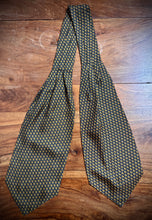 Lade das Bild in den Galerie-Viewer, Lancel Paris cravate ascot en soie marine à motif fantaisie Made in France
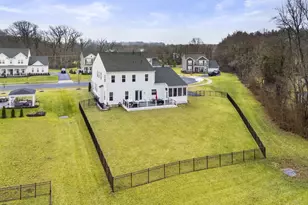 219 Idyllic Pl SE, Leesburg, VA 20175 - Photo 11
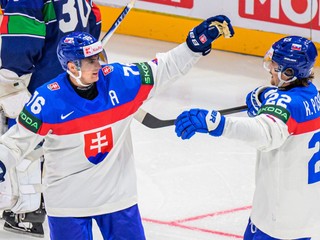Na snímke vpravo hráč Kristán Pospíšil (Slovensko) sa teší z gólu so spoluhráčom Martinom Pospíšilom v zápase základnej B-skupiny Taliansko - Slovensko.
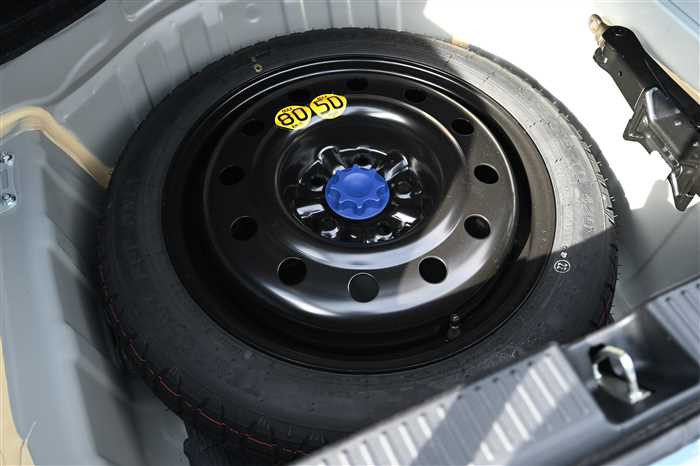 2017 Toyota Mark X DBA-GRX130 (UW-69ad000549ee1)[14]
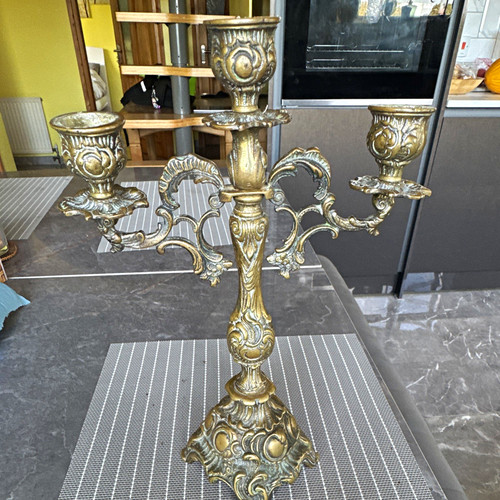 Ornate brass arm - ornate, 3-arm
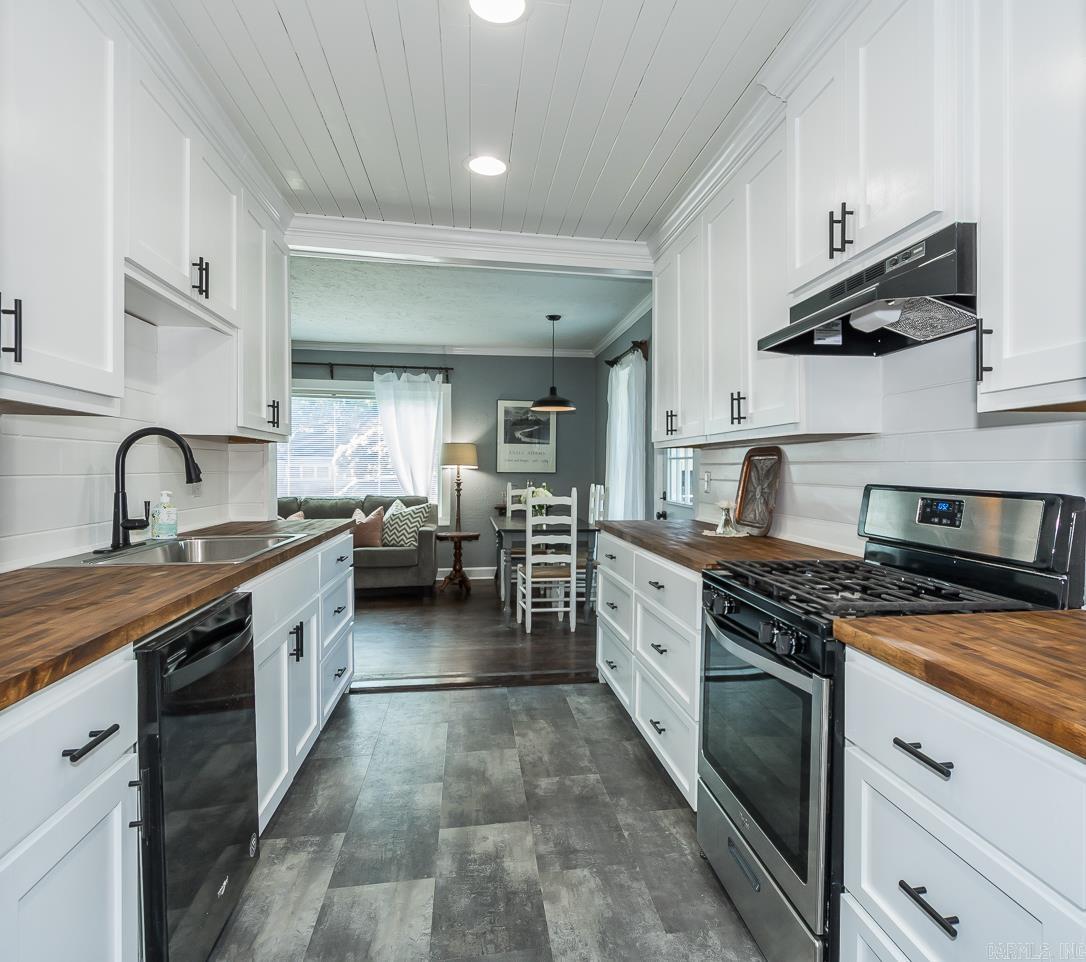 WOODLAND HILLS - Residential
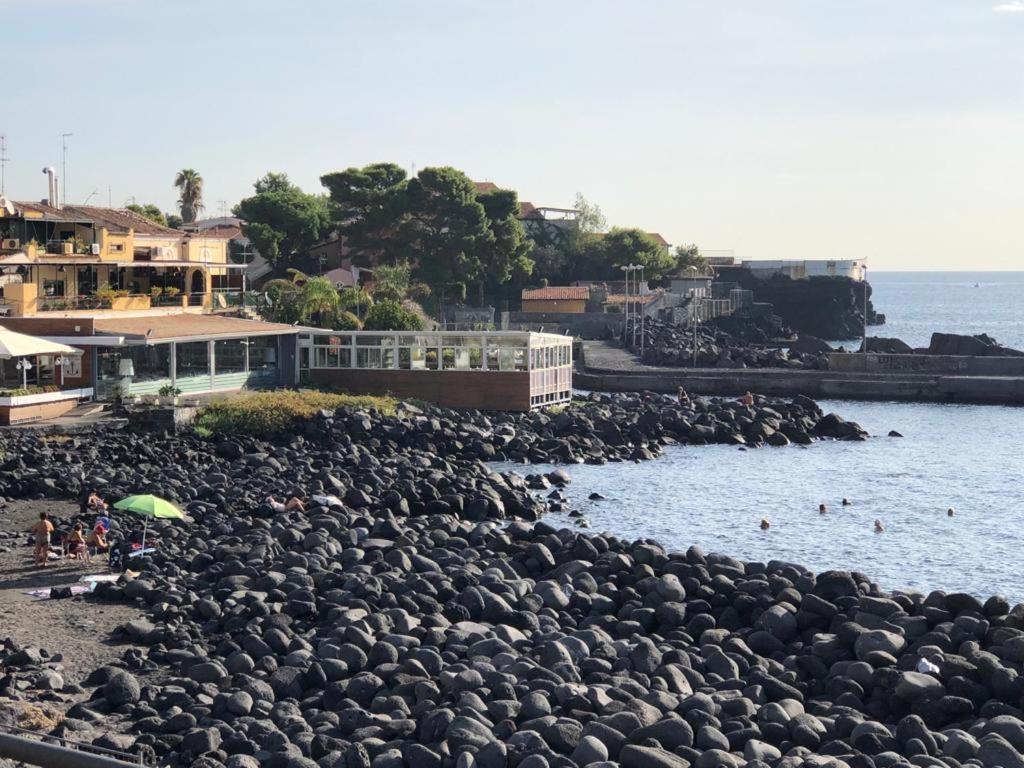 Le Tre Meraviglie A 200 M Dal Mare Catania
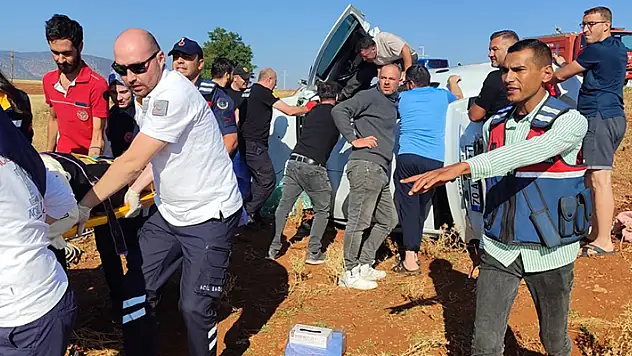 Karaman'da otomobil şarampole takla attı: 2'si ağır 3 yaralı
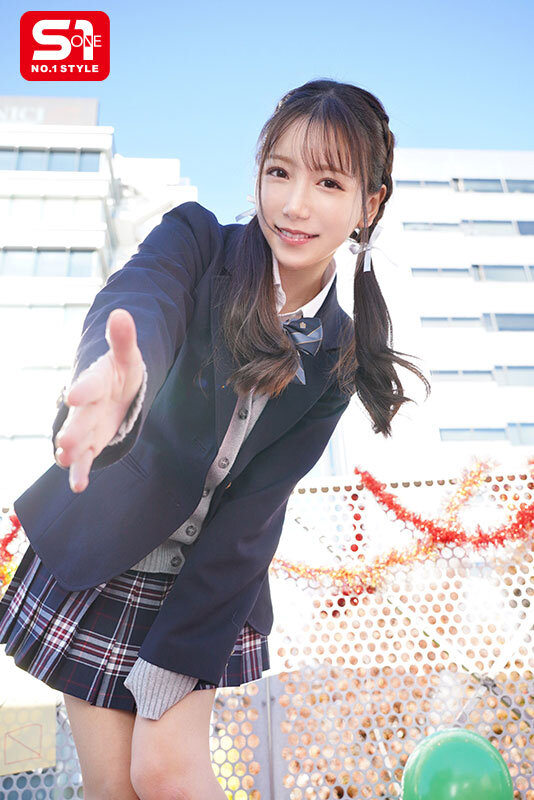 【VR】「文化祭、2人で抜け出さない?」学園のマドンナ三田さんに手を握られて…制服脱いだら艶っぽい大人スレンダーボディで瞬殺 あまりにも抜け駆けSEXが最高すぎたラブホ後夜祭 三田真鈴 画像4
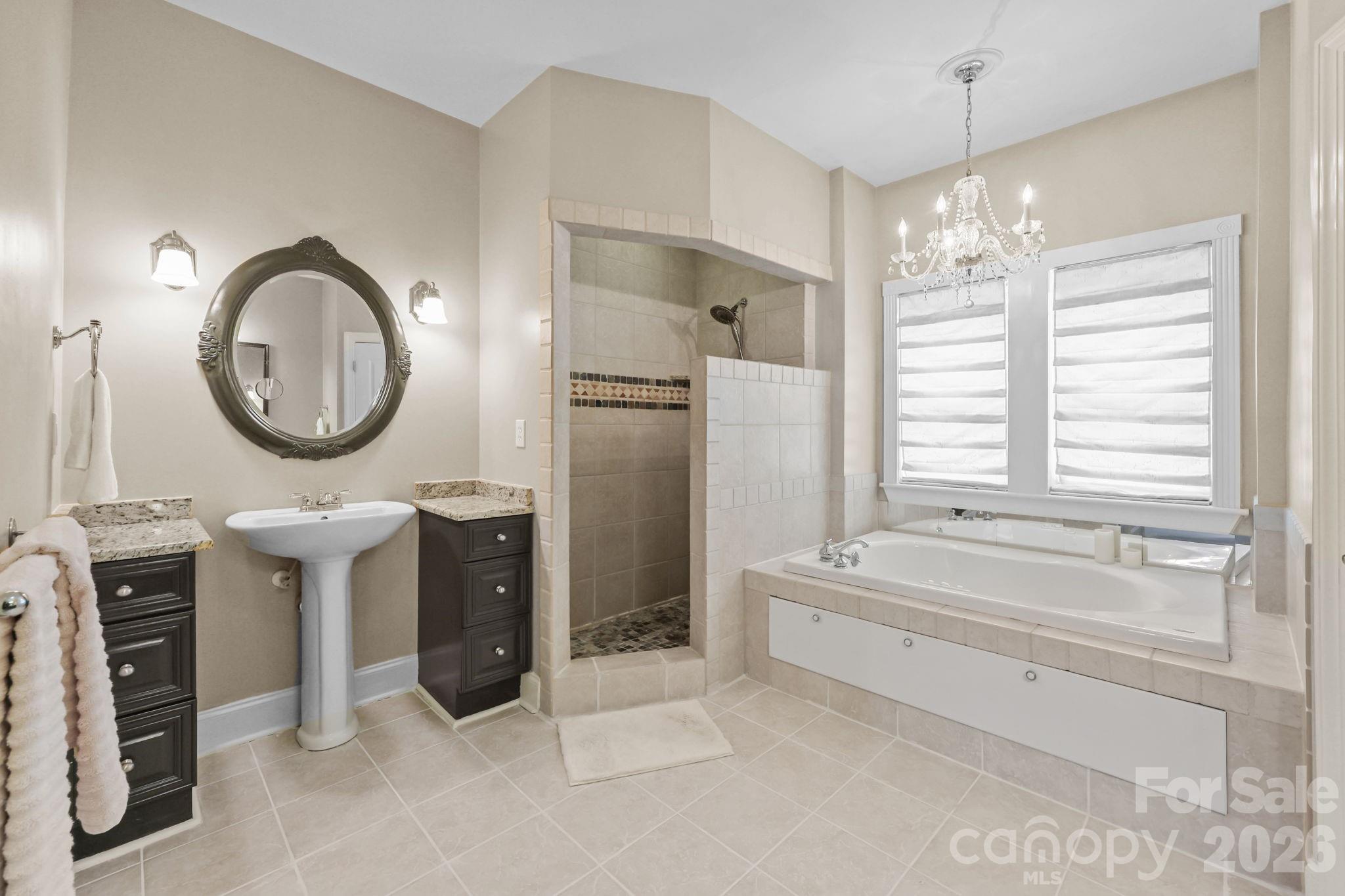 543 Muirfield Way — Salisbury
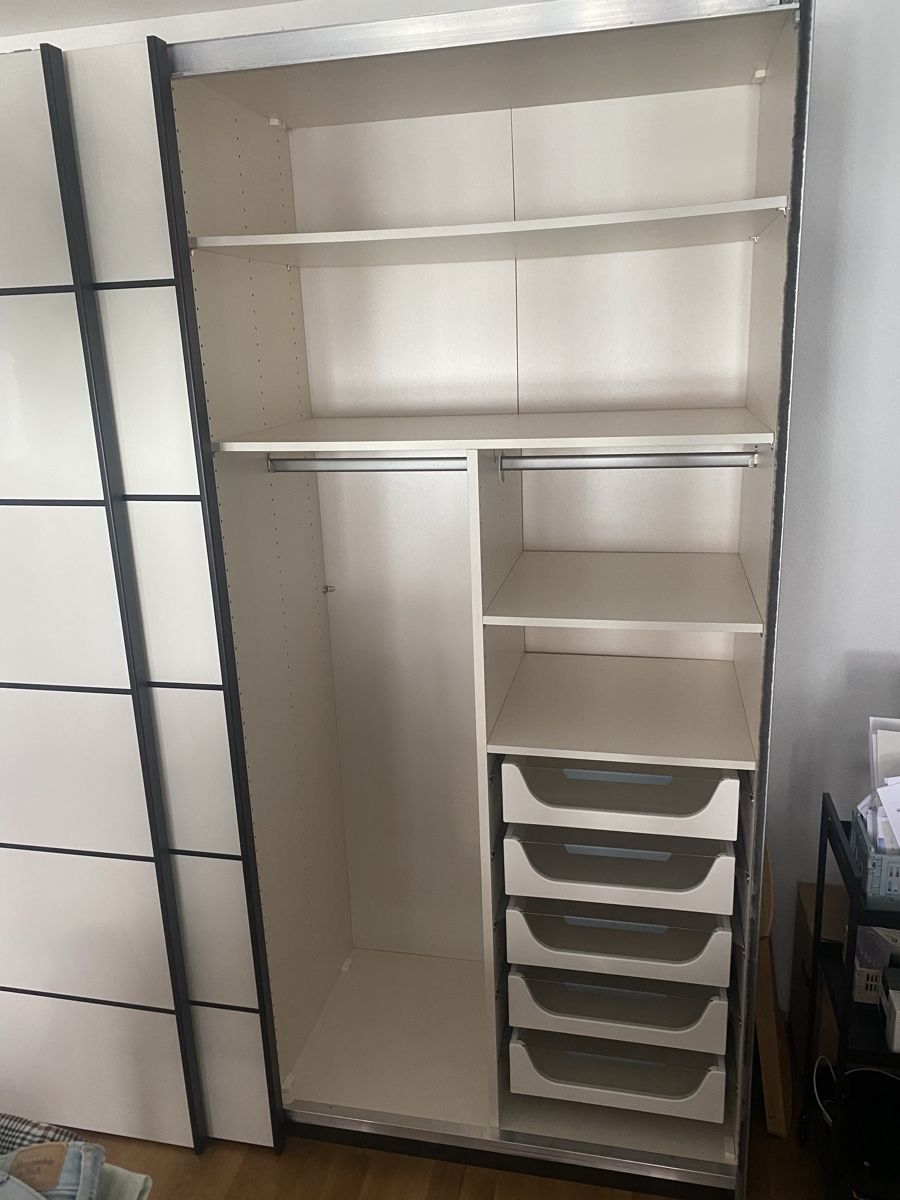 Interio Armadi: Schrank mit Schiebetüren (Interio) – Usato da Zug venduto da shoppingqueen10 3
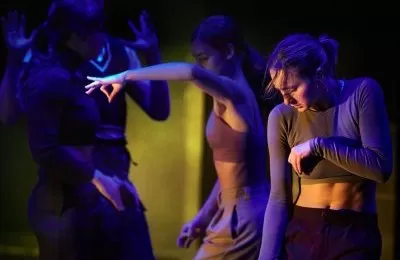 Niesamowicie blisko w Teatrze Rozbark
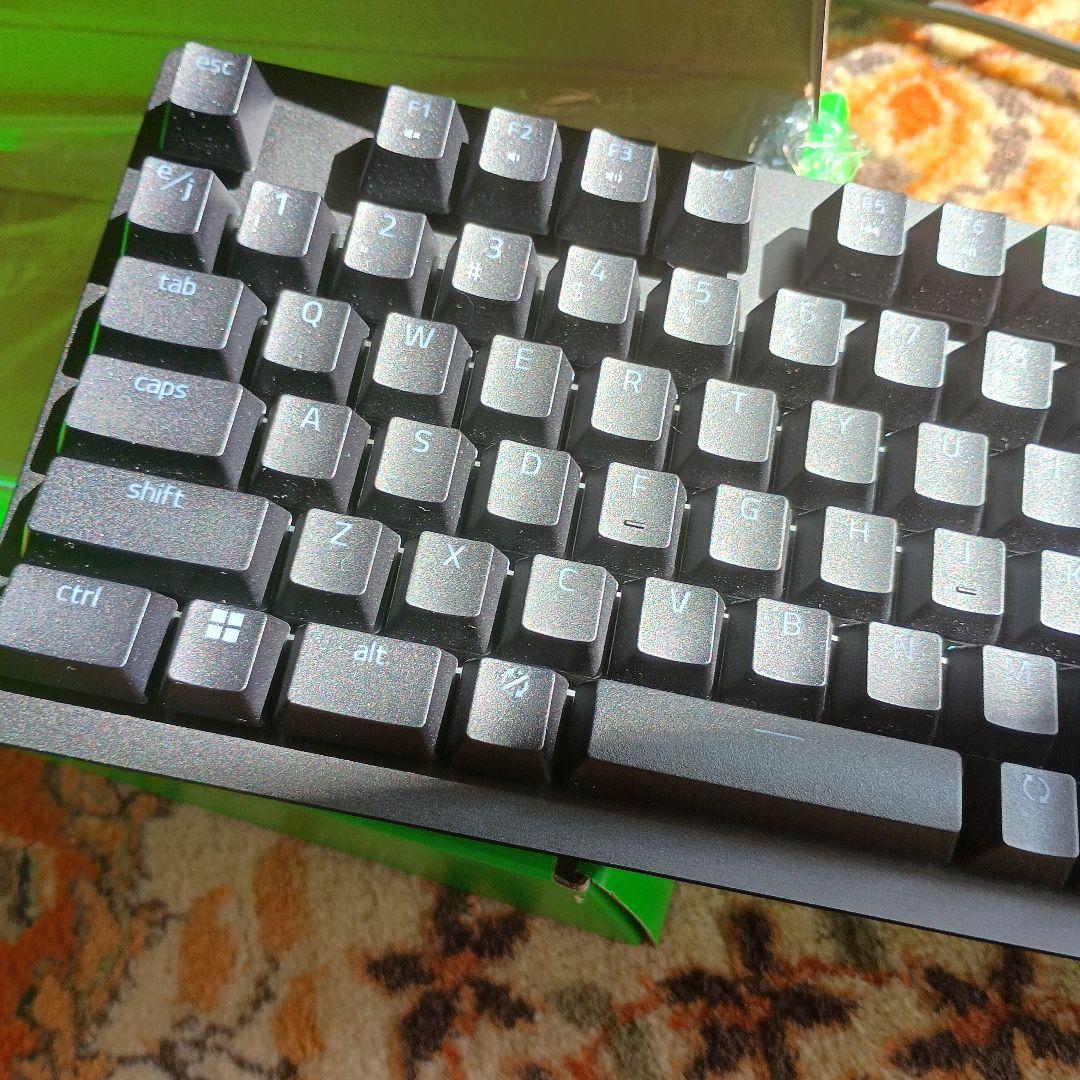 Razer HUNTSMAN V2 TENKEYLESS ゲーミングキーボード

■ Problem requirements
Pictures are not part of the copy. Output only the lines from the one with "543 Muirfield Way — Salisbury" through the final line of the records, exactly as given.

■ Expected answer
 543 Muirfield Way — Salisbury
 Interio Armadi: Schrank mit Schiebetüren (Interio) – Usato da Zug venduto da shoppingqueen10 3
 Niesamowicie blisko w Teatrze Rozbark
 Razer HUNTSMAN V2 TENKEYLESS ゲーミングキーボード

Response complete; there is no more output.